Refleksi : Kemungkinan selalu ada! Tetapi untuk kemungkinan menjadi kenyataan 
harus ada bukti. Buktinya bukan dari banyaknya mahasiswa atau diciptakan orang 
bergelar, melainkan dari banyaknya penyelidikan ilmiah dan banyak publikasi 
hasil-hasil penyelidikan tsb. Kalau cuma cetak gelar sampai dunia kiamat 2012 
atau sesudah tahun tsb tak akan ada kelas dunia, mimpin tetap mimpi.
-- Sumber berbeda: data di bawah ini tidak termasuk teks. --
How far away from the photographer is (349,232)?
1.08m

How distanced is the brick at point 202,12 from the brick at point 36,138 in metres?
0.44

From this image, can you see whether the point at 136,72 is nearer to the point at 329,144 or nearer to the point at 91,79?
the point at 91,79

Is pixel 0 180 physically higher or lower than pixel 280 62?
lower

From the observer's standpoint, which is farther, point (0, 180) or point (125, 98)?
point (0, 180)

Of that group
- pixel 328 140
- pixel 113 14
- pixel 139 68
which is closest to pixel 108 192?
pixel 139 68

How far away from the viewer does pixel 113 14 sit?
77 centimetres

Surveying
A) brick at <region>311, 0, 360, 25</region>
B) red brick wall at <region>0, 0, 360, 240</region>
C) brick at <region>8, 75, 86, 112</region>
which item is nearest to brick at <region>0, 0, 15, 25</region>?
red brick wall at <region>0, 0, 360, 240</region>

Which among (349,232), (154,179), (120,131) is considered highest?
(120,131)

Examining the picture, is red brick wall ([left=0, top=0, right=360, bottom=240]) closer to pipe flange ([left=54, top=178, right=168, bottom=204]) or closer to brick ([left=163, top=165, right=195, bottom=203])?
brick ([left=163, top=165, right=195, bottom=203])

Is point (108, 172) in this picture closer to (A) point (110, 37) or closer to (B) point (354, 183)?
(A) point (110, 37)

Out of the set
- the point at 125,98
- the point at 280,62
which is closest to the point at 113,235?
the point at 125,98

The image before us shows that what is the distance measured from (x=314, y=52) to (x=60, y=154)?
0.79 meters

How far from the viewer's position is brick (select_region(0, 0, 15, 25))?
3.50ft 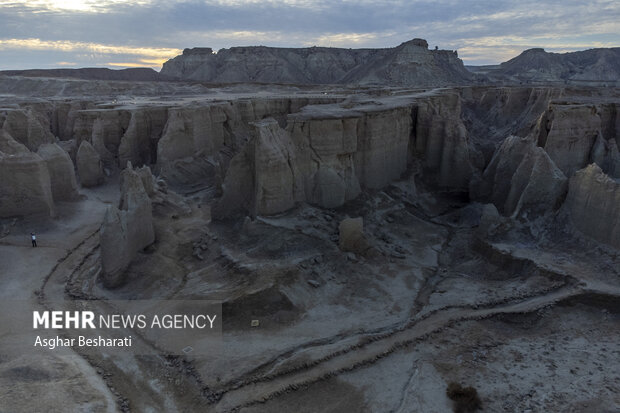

http://www.sinarharapan.co.id/cetak/berita/read/pt-di-indonesia-jadi-universitas-kelas-dunia-mungkinkah/

Sabtu, 12 Desember 2009 12:28 
PT di Indonesia Jadi Universitas Kelas Dunia, Mungkinkah? 
OLEH: STEVANI ELISABETH



JAKARTA - Menyandang status world class university (universitas kelas dunia) 
memang menjadi impian perguruan tinggi (PT) di seluruh dunia, termasuk 
Indonesia.

     
Bahkan, beberapa PT terkemuka di Indonesia sudah mempunyai target untuk 
menyandang status tersebut. 
Mantan Wakil Rektor University of Hong Kong Prof Kai-Ming Cheng, dalam sebuah 
kesempatan pernah menjelaskan latar belakang yang ­sangat menarik tentang 
­pentingnya sebuah perguruan tinggi menjadi universitas kelas dunia. 
Menurutnya, kondisi dunia saat ini sedang menga­lami perubahan yang sangat 
besar, baik di bidang sosial, organisasi, model pekerjaan, dan perguruan tinggi 
banyak dipengaruhi oleh perubahan lingkungan eksternalnya. 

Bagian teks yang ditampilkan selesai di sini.